# Sand and Soil



## mikewxyz (9 Sep 2022)

Hi UKAPS: I’m looking for some aquascaping advice. I’m new to the hobby and I’m trying to strike the right balance between a verdant aquascape that requires higher maintenance and only lasting a short while versus a more biotopic setup with lower maintenance that lasts a long time.
I like this African Cichlid set up show here on the Tropica website - Layout 21 - Tropica Aquarium Plants

What I like about this layout:

You can easily see the fish
I like the rocks and sand substrate
I like the two types of plants used
What I don’t like about this layout:

There are too few plants (both amount and type)
The plants don’t look healthy – maybe lack of CO2
*The general recommendation is to use high nutrient soil and plant like crazy so algae doesn’t get the upper hand. I would rather use the proper amount of soil and use the matching amount of plants.  Vallisneria spiralis and Cryptocoryne willisii (plus whatever else I choose) are substrate feeders and need soil (from what I understand). The question is, how do you prevent soil, sand and gravel from mixing?*​*Building the substrate - Aquascaping Wiki*​​Aquasabi recommends mesh fabric and PET foil to keep different substrates separate.​- Has anyone used this isolation scheme in a long term set up and would recommend it or is it just for a short term aquascape?​- If the soil is depleted of nutrients in a year or so and you need to add fertilizer capsules beyond that, should I just start with the gravel and capsule approach in the beginning and skip the soil layer all together?​- I did a search on UKAPS regarding this question of soil and sand. One person reported that Green Aqua said this could be done providing the soil layer was thin and the sand layer was thick. Subsequently, I watched a Green Aqua Q&A and Tommy said don’t use layers of sand and soil because they always intermingle.​​Lost in Oregon,

Mike


----------



## AlecF (9 Sep 2022)

I used a traditional fluval substrate and it emerged up into the sand because I didn't use a plastic grid to separate. I used a soil mix with sand on top and had very little issues. If anything emerges I add more sand. It's very soft, easy to plant into, and the plants are happier. I mixed John Innes, some powdered clay, a little peat, fluorite – you can make your own recipe using advice from threads here. I wish I had used soil in all my tanks.


----------



## _Maq_ (9 Sep 2022)

mikewxyz said:


> The plants don’t look healthy – maybe lack of CO2


These species - and many many others - can grow very well without CO2 injection.


mikewxyz said:


> Vallisneria spiralis and Cryptocoryne willisii (plus whatever else I choose) are substrate feeders and need soil (from what I understand).

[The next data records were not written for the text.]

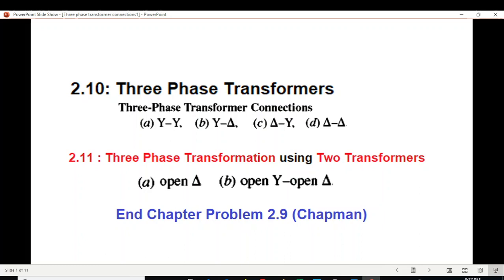This video is about three-phase transformers. We'll be discussing two aspects: first, three-phase transformer connections — YY, Y-delta, delta-Y, and delta-delta. In addition, we'll discuss three-phase transformer transformation using two transformers, called open delta and open-Y open-delta connections. This involves end-chapter problem 2.9 from the book by Mr. Chapman.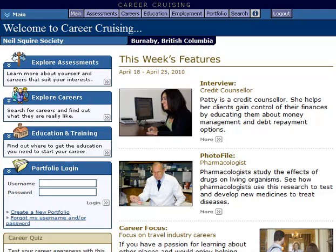Hello, my name is Chad Lehman, and this is a presentation on the Learning Styles Inventory, available in Career Cruising.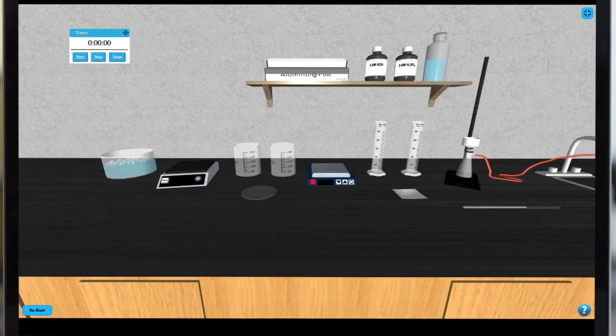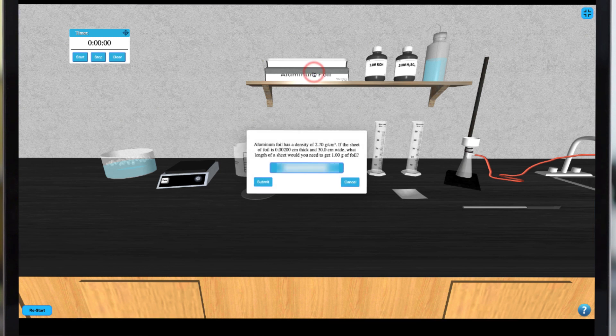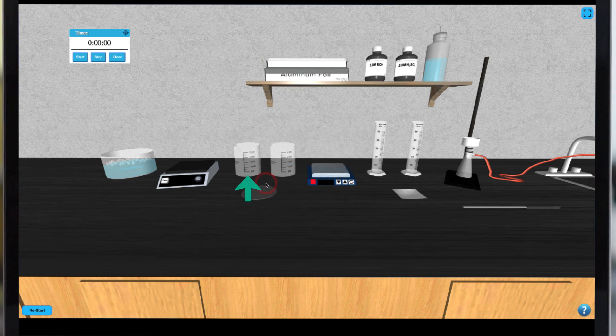To begin our synthesis experiment we can obtain aluminum from our foil by clicking on it and choosing a length that will give us one gram of aluminum. This will place the aluminum in the left beaker.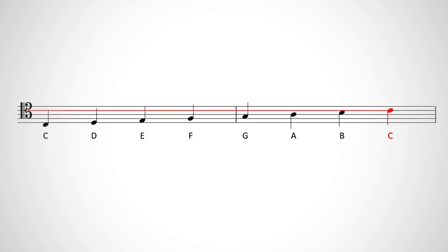Here, middle C is the second line from the top, and the two backward C's in the clef sandwich the line between them.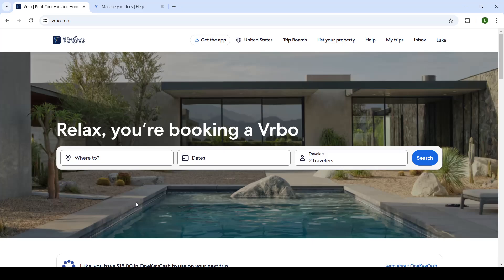Good day everyone, welcome back to the channel and welcome back to another video. In today's video we're diving into Verbo.com, into its features, and today I will show you how you can manage your fees, particularly how you can add a pet fee on your property.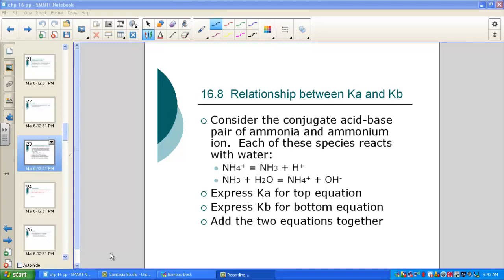We are on page 11 of our acid base note pack, and in today's lesson we'll be discussing the relationship between Ka and Kb — the acid dissociation constant and the base dissociation constant. This is section 16.8.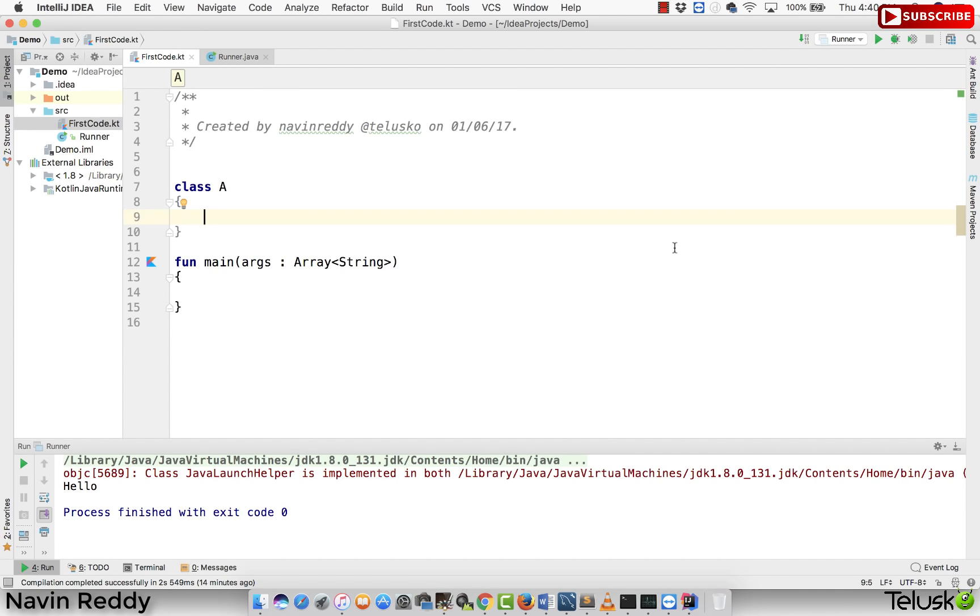So once we have seen one of the ways we can use companion object, another use of it is to achieve factory design pattern.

Generations of hobbyists kept these plants successfully prior to the 'invention' of aquarium soils.


mikewxyz said:


> I like this African Cichlid set up


Does this mean that you're planning to breed East-African cichlids? If yes, then you should consider:
(1) Cichlids - not only East-African - often move the substrate to build their holes, caves, tunnels, etc.
(2) East-African cichlids require strongly alkaline water with some peculiarities (high content of Na, a.o.) and only few plants can grow in such conditions.


----------



## PARAGUAY (9 Sep 2022)

The reason probably why vallis it's always  grown well in plain inert gravel is how it grows in the wild  the roots anchoring into the sandy nutrient poor sandy margins. Can thrive alkaline rich water


----------



## Wookii (9 Sep 2022)

mikewxyz said:


> Vallisneria spiralis and Cryptocoryne willisii (plus whatever else I choose) are substrate feeders and need soil (from what I understand).

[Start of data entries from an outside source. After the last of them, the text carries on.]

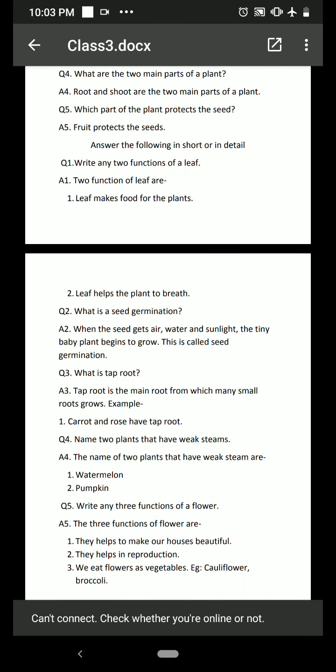What is seed germination? In the last topic on fruits and seeds, we studied that when a seed is kept inside the soil, it receives air, water, warmth, sunlight, and takes minerals from the soil. There is a tiny baby plant inside the seed that slowly starts growing. This process — the growth of a plant from a seed — is called seed germination.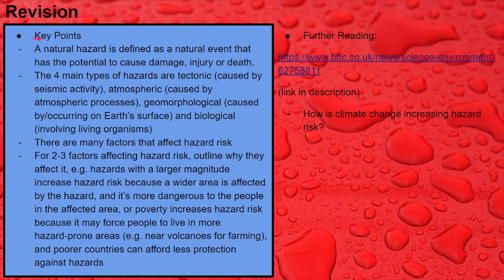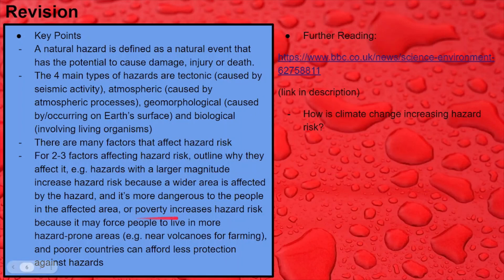Finally, revision. I've summarized all the key points for you here, which you can use for revision — stick it on a flashcard. You've got natural hazards, types of natural hazards, and factors affecting hazard risk. I've outlined two more factors: how hazards with a larger magnitude increase hazard risk, and how poverty increases hazard risk — this is a good one for a four-mark answer because there's quite a bit to unpack. I've also got a link for further reading in the description — an article on how climate change is increasing hazard risk. That's it for this topic. We're going to go on and look in more detail at tectonic hazards, how they affect people, and what causes them. Subscribe so you don't miss that, and recommend the channel to a friend doing GCSE Geography. Thanks for watching.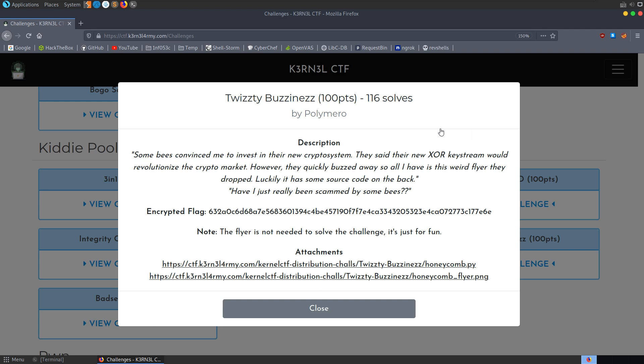In this video we're going to take a look at the TwizD business challenge from the Kernel CTF that was running over the weekend. The description says some bees convinced me to invest in their new crypto system. They said their new XOR keystream would revolutionize the crypto market. However, they quickly buzzed away, so all I have is this weird flyer they dropped. Luckily, it has some source code on the back. Have I really just been scammed by some bees?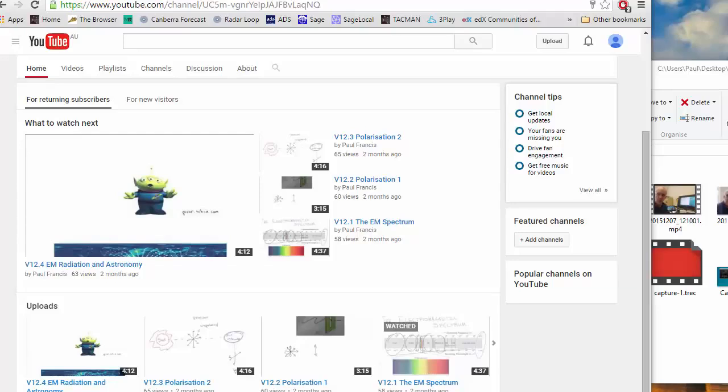Once you've made your video you'll need to put it on the web somewhere for the students to view. We recommend putting them on YouTube rather than on any other sort of server.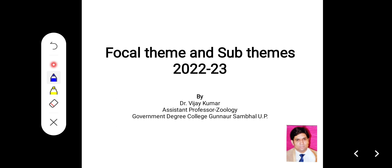National Children's Science Congress is a program which provides a platform to children to learn the methodology of research. You have to do local area research. If you want to participate, you have to select a local area problem and try to find out the solution by using research methodology. Your local area problem should be within the limits of the focal theme and sub-theme.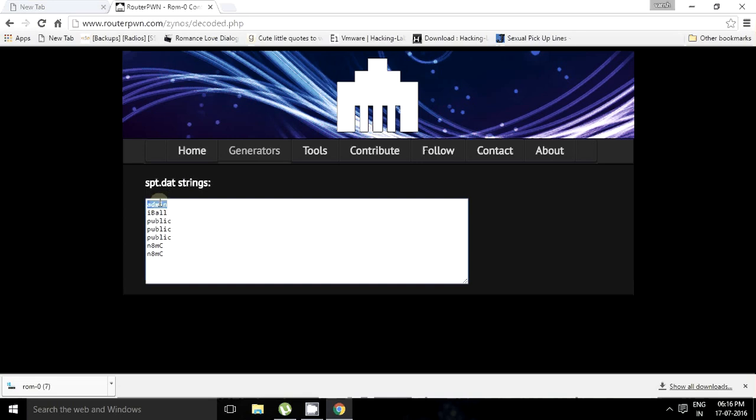Thank you, YouTubers. In our next video, we will be changing the password of the WiFi from the telnet session. Till then, bye bye.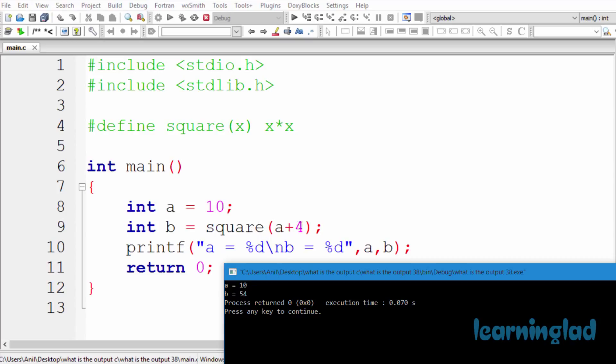Here we are passing a+4 as a parameter to this square macro. Many of you may have guessed that it's going to perform a+4 and then pass that result, which is 14, to this square macro. But that's not the case because this preprocessing is done before the compilation process.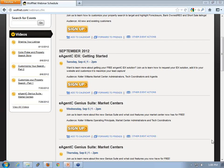On Wednesday, September 5th, we have our eAgency Genius Suite for Market Centers. That's geared for Keller Williams Market Center administrators and tech coordinators. It will go through the Genius Suite, the different packages we offer within it, and also what market centers are receiving right now for free. If you want to sign up for any of these webinars, just go to wolfnet.com/webinars and hit the sign up button.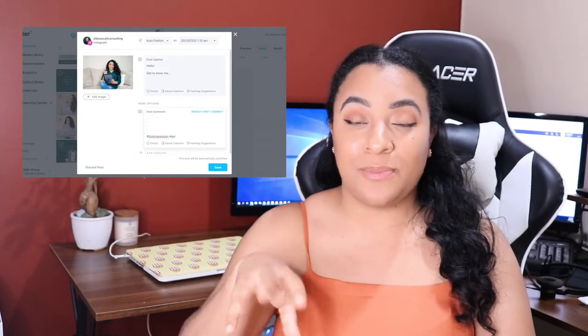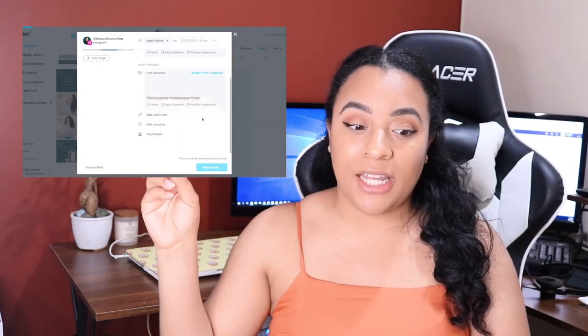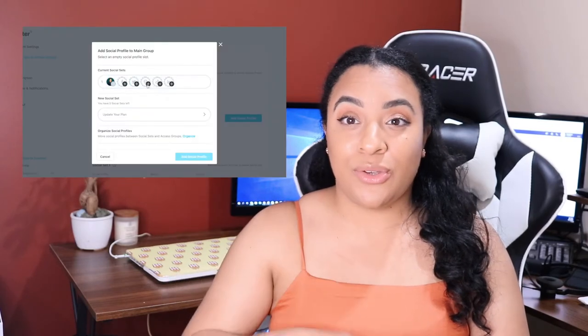With Later you can schedule posts to Instagram, Facebook, Pinterest, LinkedIn, and Twitter — all in one place. I've been looking into Planoly since a lot of people say it's really great, but as of right now I swear by Later because I like that I can put my captions in the first comment instead of in the actual caption box.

In my limited experience I have found that crypts in particular - though they will grow adequately in both substrates - seem to grow far better in fine sand than in Aquasoil. You can always add a thin nutrient rich layer (10-20mm) in fine mesh bags on the base of the tank, before covering with 50-60mm of sand, which should prevent most if it rising up through the sand, but I don't know the extent to which it is necessary for the plants you have listed if you adequately fertilizer the water column.


----------



## _Maq_ (9 Sep 2022)

PARAGUAY said:


> The reason probably why vallis it's always grown well in plain inert gravel


Yes, I've also observed that Vallisnerias often struggle in newly established tanks. I'm not sure this happens due nutrient poor substrate, though. I don't know. In literature, there are mentions that Vallisnerias belong among the group of plants which take up CO2 though their roots. If that is the case, then rich microbial life in the substrate can be beneficial for them, and that requires detritus.


----------



## John q (9 Sep 2022)

mikewxyz said:


> Vallisneria spiralis and Cryptocoryne willisii (plus whatever else I choose) are substrate feeders and need soil (from what I understand).

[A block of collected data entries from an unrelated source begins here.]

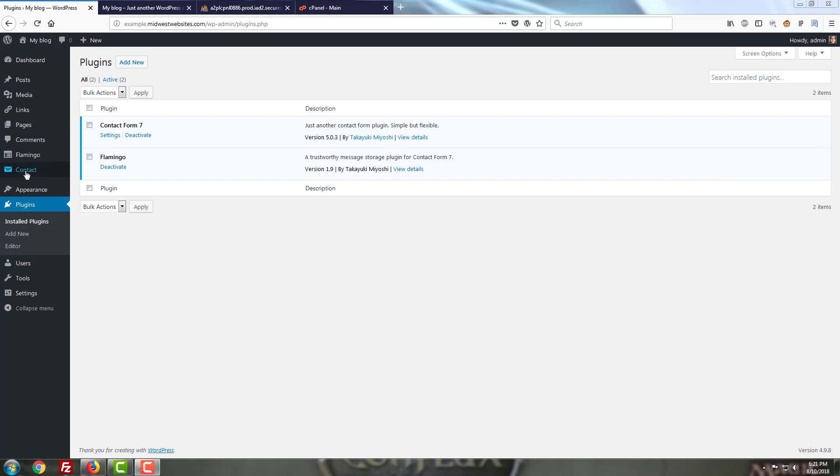As you can see here on the left we've actually added a button for Flamingo and it's got two separate buttons here. One is an address book and the other is for looking at your inbound messages.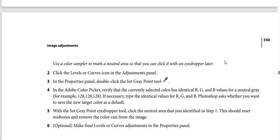Step 5: with the set gray point eyedropper tool, click the natural area that you identified in step 1. This should neutralize and remove the color cast from the image. Step 6 (optional): make final levels or curves adjustments in the properties panel.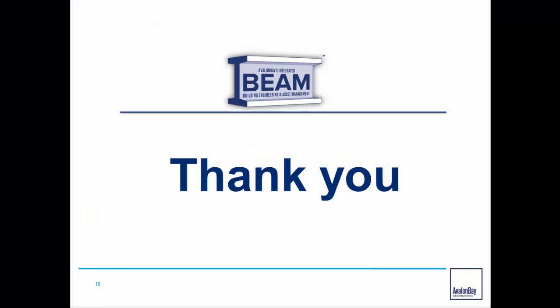Thank you for partnering with Avalon Bay and participating in the iBeam system. If you have any further questions, please feel free to reach out directly to your iBeam support team member.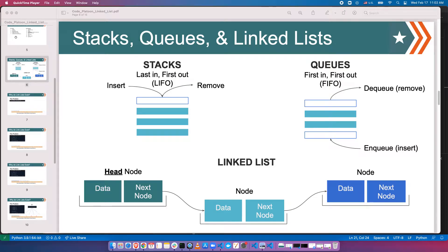To continue what we were talking about with data structures, we're going to be implementing a stack, a queue, and a linked list. Just to remind everyone: a stack is a last-in, first-out structure. It's like a stack of plates — you can only take the top one off and you can only add another plate to the top. You can't access the bottom or the middle of the stack.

This really isn't true. Vallisneria spiralis grows fine in inert substrate. Here you can see the typical propagation technique of valls sending out runners in gravel, all looking healthy.





Occasionally they'll send a runner up it to the water column and produce a plantlet in no man's land, which then produces another runner which then heads off back down to find the lush gravel bed. 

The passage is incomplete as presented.